NIKKU MADHUSUDHAN, DOCENTE ALL’UNIVERSITÀ DI CAMBRIDGE
Lo studio, pubblicato sulla rivista Astrophisical Journal, ha utilizzato tutti i dati disponibili- massa, raggio, composizione atmosferica- per sviluppare i possibili modelli della struttura planetaria ipotizzando un nucleo di ferro, circondato da una parte rocciosa, all’interno di un involucro d’acqua per terminare con un’atmosfera formata da idrogeno, con un po’ di metano e ammoniaca e priva di nubi. I quattro modelli si differenziano per il diverso spessore di ciascuno dei quattro strati. Le simulazioni al computer hanno mostrato che il modello che meglio rispetta i parametri di K2-18b è quello che prevede un pianeta oceanico, con un ridotto strato roccioso, una percentuale di idrogeno del 6 per cento e la presenza di acqua dallo 0,3 per cento fino al 90 per cento della massa planetaria.
«Abbiamo trovato che K2-18b ha una realistica possibilità di essere abitabile», sostengono gli autori dell’articolo, che si spingono anche oltre quando scrivono: «Sosteniamo che pianeti come K2-18b possano effettivamente avere il potenziale per avvicinarsi a condizioni di abitabilità e che la ricerca di bio-firme (segnali di vita, come metano o ossigeno) non dovrebbe essere necessariamente limitata ai più piccoli pianeti rocciosi». Per ora, immaginare cosa possa trovarsi sulla superficie di questo lontano mondo alieno può solo essere oggetto di speculazione. L’INAF, nell’articolo di commento a questa scoperta, sottolinea che nei mari terrestri la vita si è diffusa nelle condizioni più disparate, dalle profondità proibitive delle Fosse delle Marianne, in cui la pressione arriva a 1000 atmosfere, fino alle fonti idrotermali che ribollono- letteralmente- a 130 °C.
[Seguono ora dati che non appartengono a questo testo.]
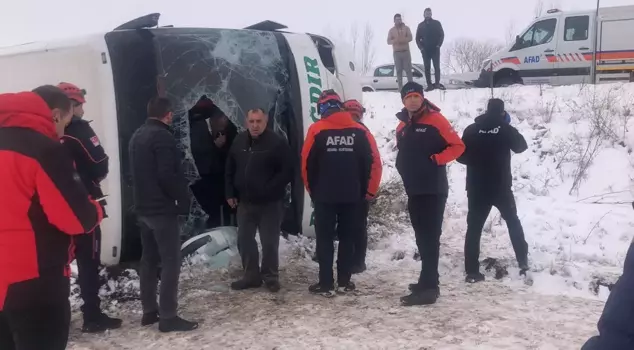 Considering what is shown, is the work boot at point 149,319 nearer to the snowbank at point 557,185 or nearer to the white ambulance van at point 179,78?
the white ambulance van at point 179,78

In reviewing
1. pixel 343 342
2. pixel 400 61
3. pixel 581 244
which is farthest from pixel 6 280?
pixel 400 61

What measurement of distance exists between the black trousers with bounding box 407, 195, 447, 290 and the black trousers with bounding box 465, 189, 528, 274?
2.26 feet

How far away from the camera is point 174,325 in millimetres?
4477

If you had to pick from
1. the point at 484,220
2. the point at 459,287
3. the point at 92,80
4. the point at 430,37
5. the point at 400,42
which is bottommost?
the point at 459,287

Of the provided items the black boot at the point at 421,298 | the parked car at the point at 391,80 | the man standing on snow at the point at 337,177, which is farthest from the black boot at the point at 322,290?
the parked car at the point at 391,80

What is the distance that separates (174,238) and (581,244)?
4349mm

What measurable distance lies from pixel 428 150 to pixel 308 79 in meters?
1.76

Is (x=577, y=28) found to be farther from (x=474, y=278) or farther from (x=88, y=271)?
(x=88, y=271)

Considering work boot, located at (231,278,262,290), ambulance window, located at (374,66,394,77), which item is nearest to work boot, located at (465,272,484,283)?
work boot, located at (231,278,262,290)

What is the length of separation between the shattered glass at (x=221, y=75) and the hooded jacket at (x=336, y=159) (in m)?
1.10

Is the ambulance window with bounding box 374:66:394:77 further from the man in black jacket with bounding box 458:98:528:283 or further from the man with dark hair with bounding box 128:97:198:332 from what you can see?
the man with dark hair with bounding box 128:97:198:332

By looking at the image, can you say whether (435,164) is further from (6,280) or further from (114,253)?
(6,280)

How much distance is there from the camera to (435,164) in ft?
16.1

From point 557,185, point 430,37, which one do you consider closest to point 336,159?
point 557,185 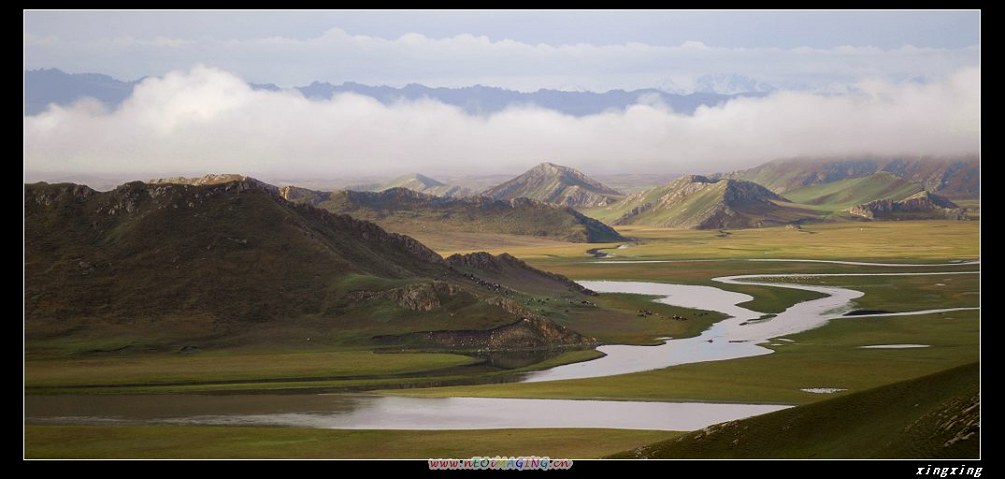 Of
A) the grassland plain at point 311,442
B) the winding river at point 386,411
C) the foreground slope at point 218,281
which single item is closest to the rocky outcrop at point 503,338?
the foreground slope at point 218,281

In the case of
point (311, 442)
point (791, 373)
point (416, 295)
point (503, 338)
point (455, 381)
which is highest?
point (416, 295)

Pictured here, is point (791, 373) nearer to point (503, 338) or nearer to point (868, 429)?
point (503, 338)

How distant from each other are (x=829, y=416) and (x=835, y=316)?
99.3 m

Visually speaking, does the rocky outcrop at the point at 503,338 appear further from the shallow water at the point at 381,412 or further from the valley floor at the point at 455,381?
the shallow water at the point at 381,412

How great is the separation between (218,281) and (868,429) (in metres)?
104

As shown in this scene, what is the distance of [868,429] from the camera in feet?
206

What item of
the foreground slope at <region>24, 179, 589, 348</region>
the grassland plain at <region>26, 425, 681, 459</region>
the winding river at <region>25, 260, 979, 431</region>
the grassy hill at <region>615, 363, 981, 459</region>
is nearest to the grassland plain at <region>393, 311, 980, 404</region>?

ANCHE I SUPER-PIANETI POSSONO ESSERE ADATTI ALLA VITA
«Premesso questo, non è impossibile immaginare organismi viventi adattati alle condizioni previste dai modelli di mondo oceanico compatibili con K2-18b. Sotto questo punto di vista, i modelli meno alieni sono quelli con un nucleo di ferro e roccia inferiore al 15 per cento della massa del pianeta e con l’atmosfera poco massiccia. In questi casi lo strato d’acqua può arrivare ad avere temperature di circa 30 °C con pressioni di 1-10 atmosfere. Quindi è possibile che K2-18b possa ospitare forme di vita, ma saranno necessarie ulteriori osservazioni dello spettro della sua atmosfera per poter raggiungere un minimo grado di sicurezza. In ogni caso, anche nei modelli più favorevoli, su K2-18b sarebbero possibili solo forme di vita di tipo acquatico. Un buon posto per pescare – forse – ma non per viverci», chiosa l’articolo.
Per saperne di più, dunque, bisognerà aspettare ancora un po’. Il prossimo anno, entrerà in funzione il James Webb Space Telescope della NASA, in grado di analizzare le atmosfere degli esopianeti per comprenderne le componenti chimiche- e quindi evidenziare le eventuali tracce di attività biologica. Tra qualche anno, poi ( secondo le previsioni, non prima del 2028) lo seguirà nella medesima ricerca anche ARIEL (acronimo di Atmospheric Remote-sensing Infrared Exoplanet Large survey), il telescopio spaziale dell’ESA. Se nel mare di K2-18b nuotano dei pesciolini alieni (o qualcosa di più) , lo scopriremo.